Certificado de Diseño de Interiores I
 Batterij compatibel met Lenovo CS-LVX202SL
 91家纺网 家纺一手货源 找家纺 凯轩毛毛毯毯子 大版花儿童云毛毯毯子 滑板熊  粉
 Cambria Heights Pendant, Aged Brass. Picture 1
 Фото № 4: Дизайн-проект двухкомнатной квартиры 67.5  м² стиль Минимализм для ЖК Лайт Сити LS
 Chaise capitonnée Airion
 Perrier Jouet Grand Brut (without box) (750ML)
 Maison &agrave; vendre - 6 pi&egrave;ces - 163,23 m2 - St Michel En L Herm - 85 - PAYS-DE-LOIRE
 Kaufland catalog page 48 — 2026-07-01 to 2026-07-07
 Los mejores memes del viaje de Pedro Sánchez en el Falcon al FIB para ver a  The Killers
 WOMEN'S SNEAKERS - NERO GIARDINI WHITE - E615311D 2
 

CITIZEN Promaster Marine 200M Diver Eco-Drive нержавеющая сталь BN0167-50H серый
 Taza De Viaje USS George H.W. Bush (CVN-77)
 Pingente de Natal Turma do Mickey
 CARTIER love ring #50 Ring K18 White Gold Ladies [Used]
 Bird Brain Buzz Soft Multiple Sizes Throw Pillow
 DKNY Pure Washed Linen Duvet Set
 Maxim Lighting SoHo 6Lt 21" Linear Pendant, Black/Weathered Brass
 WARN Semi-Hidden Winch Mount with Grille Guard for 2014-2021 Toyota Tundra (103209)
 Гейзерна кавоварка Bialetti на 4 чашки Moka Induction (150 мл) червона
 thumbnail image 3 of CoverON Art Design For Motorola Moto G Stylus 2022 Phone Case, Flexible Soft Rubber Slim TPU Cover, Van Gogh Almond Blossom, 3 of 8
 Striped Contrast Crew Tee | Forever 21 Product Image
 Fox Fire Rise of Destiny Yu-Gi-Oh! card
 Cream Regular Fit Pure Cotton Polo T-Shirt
◇ ◇ ◇
#### How to complete this task
Write out, word for word, the line that contains "Гейзерна кавоварка Bialetti" and every line after it through the last line of the listing.

#### Response to this task
 Гейзерна кавоварка Bialetti на 4 чашки Moka Induction (150 мл) червона
 thumbnail image 3 of CoverON Art Design For Motorola Moto G Stylus 2022 Phone Case, Flexible Soft Rubber Slim TPU Cover, Van Gogh Almond Blossom, 3 of 8
 Striped Contrast Crew Tee | Forever 21 Product Image
 Fox Fire Rise of Destiny Yu-Gi-Oh! card
 Cream Regular Fit Pure Cotton Polo T-Shirt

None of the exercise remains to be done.